On Monday, Mingma Gyalje Sherpa and Co. reached – with bottled oxygen – the (very) highest point at 8,163 meters, at the very end of the summit ridge. And immediately on Twitter and Co. all other climbers who turned around at one of the nearby and somewhat lower fore-summits of Manaslu are labeled as “cheaters” and “liars”. Others rail against the “Himalayan Database“, which records summit successes on Nepal’s high mountains. The chronicle “is no more reference regarding 8000 m peaks,” they say.
Fore-summit successes
It is worth taking a deep breath first and approaching the subject with a cool head. That most of the now more than 2,200 summit successes reported from Manaslu were actually “fore-summit successes” has actually been known for at least two years. In 2019, German chronicler Eberhard Jurgalski and others – including Tobias Pantel of the Himalayan Database – published a report proving that the vast majority of Manaslu climbers were not at the very highest point at 8,163 meters.

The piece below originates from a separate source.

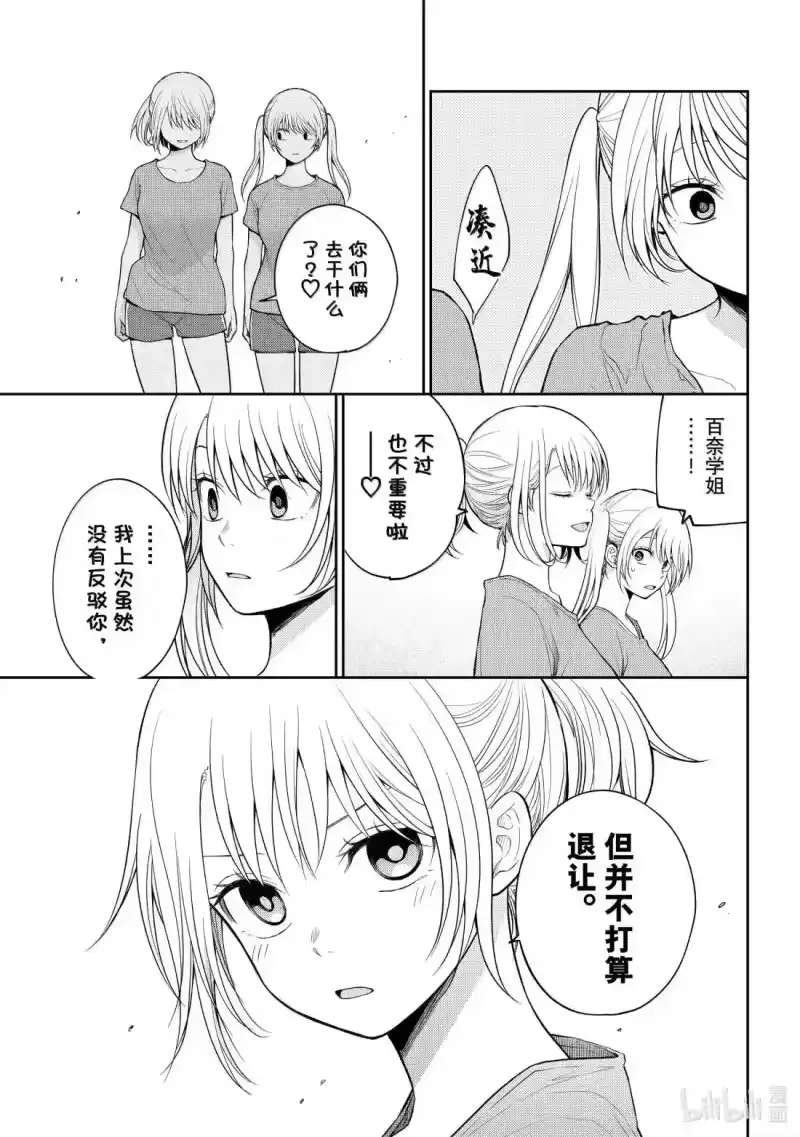 我的可爱对黑岩目高不管用_h 169 那女孩与普通男生 第13页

This is true not only for commercial teams, but also for top climbers. Of 35 of the 44 climbers who stood on all 14 eight-thousanders, the summit points are now known, Jurgalski informed on his website 8000ers.com last May. Only six of them had reached the main summit of Manaslu, he wrote. Twenty-five had been on two nearby fore-summits that were within a “tolerance zone” at which the mountain could be considered scaled. These pre-peaks are three to six meters lower than the main summit.
Tricky approach
Yesterday’s “True Summit” success of Mingma Gyalje Sherpa and Co. was thus not only a fine, but also in the strictest sense of the word extraordinary, i.e. unusual achievement on Manaslu. The video published by the head of the expedition operator Imagine Nepal himself, and drone footage circulating on the net, show why so far most did not get as far as there: The approach is truly “tricky”, as Mingma had aptly noted earlier. His team left the ridge into the steep mountain flank to reach the highest point from there.
“I tried to go over the ridge and it was possible but I was afraid the new anchor won’t hold the clients if they made mistakes,” Mingma informed my on his route choice. “So I descended around 10m down and then traversed and then made straight to summit which was a very good way for all the climbers and was very safe.”
New parameters?
When is Manaslu now considered scaled? “We can’t rewrite history and take away the summit from everyone who didn’t reach the ‘real summit,'” Billi Bierling of the Himalayan Database tells me. “But our team will discuss how we deal with this in the future. We may change the parameters.” Incidentally, the legendary Elizabeth Hawley, who died in 2018 and founded the chronicle in the 1960s, was less strict, Billi says: “Miss Hawley used to accept even points below the summit cornice as summit successes.”
Billi dismisses the accusation by critics on the web that the Himalayan Database introduced a “fore-summit” category in 2016 but dispensed with this differentiation in subsequent years: “In fall 2016, many were at a point even further ahead, which is significantly lower than the other fore-summits. That’s why we pointed it out at the time.” According to the Chronicle, the spot reached by 161 climbers at the time was at 8,125 meters, 38 meters lower than the main summit.
Service provider, not judge
The 54-year-old German mountaineer and journalist points out that her team relies on the honest information provided by expedition operators and climbers. “If we notice there’s something fishy, of course we’ll get to the bottom of it,” Billi says. “But we’re not judges. We are service to the mountaineering community. We just record the numbers and don’t award certificates.”
The sheer mass of summit aspirants makes it impossible to verify all the information, Bierling says. So after the record number of permits for Mount Everest last spring, her team had to rely not only on their own research but also on figures from the Ministry of Tourism, she said. “And now when I see the long lists from Manaslu, it makes me dizzy. It’s no longer even possible for us to physically interview everyone.”
Bierling speaks of “challenging times” – and not just because of the huge crowds at the eight-thousanders. “Today, also because of social media, there is much more pressure on people. They absolutely want to have reached the summit. And then maybe sometimes they bend the truth a bit.” For example, when it comes to “heli-doping“, i.e. when, as also happened on Manaslu, climbers let themselves be flown by helicopter to high camp or back to base camp in order to skip time- and energy-consuming passages. “We will also have an ‘aviation assisted’ section in the future,” says Billi, who has been working for the Himalayan Database on a voluntary basis since 2004. Bierling’s small team is not envious of their complicated task. Especially not when it then also hails criticism from the social networks.
Update 8:30 p.m.: According to consistent reports, there was the first fatality of the fall season on Manaslu. A 37-year-old Canadian died yesterday during the ascent at around 7800 meters, apparently after a heart attack, it was said.